Protéger l’innovation des PME
Les PME françaises déposent quatre fois moins de brevets que leurs homologues allemandes. Pour pallier ce déficit de compétitivité, la loi Pacte propose de créer une demande provisoire de brevet d’une durée limitée à 12 mois. « La demande de brevet pourra être complétée par la suite, à mesure que l’entreprise avance dans l’instruction du brevet, tout en préservant le bénéfice de l’antériorité », explique Bercy. Aussi, la loi Pacte introduit une nouvelle procédure d’opposition aux brevets délivrés devant l’Institut national de la propriété industrielle (INPI). Selon le ministère de l’Economie, cette procédure qui se présente comme une alternative « plus simple » au recours judiciaire actuel permettra d’attaquer à moindre coût les brevets de faible qualité.

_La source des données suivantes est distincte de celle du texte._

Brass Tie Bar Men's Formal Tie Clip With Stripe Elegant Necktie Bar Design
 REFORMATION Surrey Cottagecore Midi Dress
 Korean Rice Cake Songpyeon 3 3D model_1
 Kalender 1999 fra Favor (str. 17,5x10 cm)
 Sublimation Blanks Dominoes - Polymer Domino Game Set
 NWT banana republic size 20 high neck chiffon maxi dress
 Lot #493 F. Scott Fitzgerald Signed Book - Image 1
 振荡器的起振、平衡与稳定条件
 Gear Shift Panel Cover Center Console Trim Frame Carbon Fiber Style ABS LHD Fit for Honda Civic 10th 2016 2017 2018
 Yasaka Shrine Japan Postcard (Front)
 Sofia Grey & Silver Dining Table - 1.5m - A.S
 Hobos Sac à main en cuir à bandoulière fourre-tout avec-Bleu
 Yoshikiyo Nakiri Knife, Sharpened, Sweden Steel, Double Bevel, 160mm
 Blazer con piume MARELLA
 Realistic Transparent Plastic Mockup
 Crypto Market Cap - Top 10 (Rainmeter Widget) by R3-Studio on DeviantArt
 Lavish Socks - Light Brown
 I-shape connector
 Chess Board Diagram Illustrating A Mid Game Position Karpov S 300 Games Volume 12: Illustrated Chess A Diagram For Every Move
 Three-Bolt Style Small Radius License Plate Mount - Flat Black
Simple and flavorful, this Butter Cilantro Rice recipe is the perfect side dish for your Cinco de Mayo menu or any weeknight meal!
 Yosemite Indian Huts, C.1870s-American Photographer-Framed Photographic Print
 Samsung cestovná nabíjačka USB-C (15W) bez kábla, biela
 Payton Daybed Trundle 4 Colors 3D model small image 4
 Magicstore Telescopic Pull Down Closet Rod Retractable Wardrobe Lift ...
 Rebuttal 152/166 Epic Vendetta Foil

Faciliter la transmission des entreprises
Le projet de loi Pacte prévoit enfin un renforcement des outils de transmission. Tout d’abord, par la simplification du pacte Dutreil, en permettant notamment une cession du titre plus facile entre membres du pacte et en assouplissant les obligations déclaratives. En deuxième lieu, la reprise des salariés sera facilitée par la suppression du seuil de salariés minimum pour bénéficier du crédit d’impôt. Enfin, la transmission sera encouragée par le dispositif crédit-vendeur pour les entreprises de moins de 50 salariés et qui ont un chiffre d’affaires inférieur à 10 millions d’euros.
Le projet de loi sera étudié en commission parlementaire à partir de septembre, et les débats en séances auront lieu à l’automne. Certaines mesures, notamment liées à la participation et l'intéressement des salariés seront inscrites dans la loi de finance (PLF) pour prendre effet dès le 1er janvier 2019.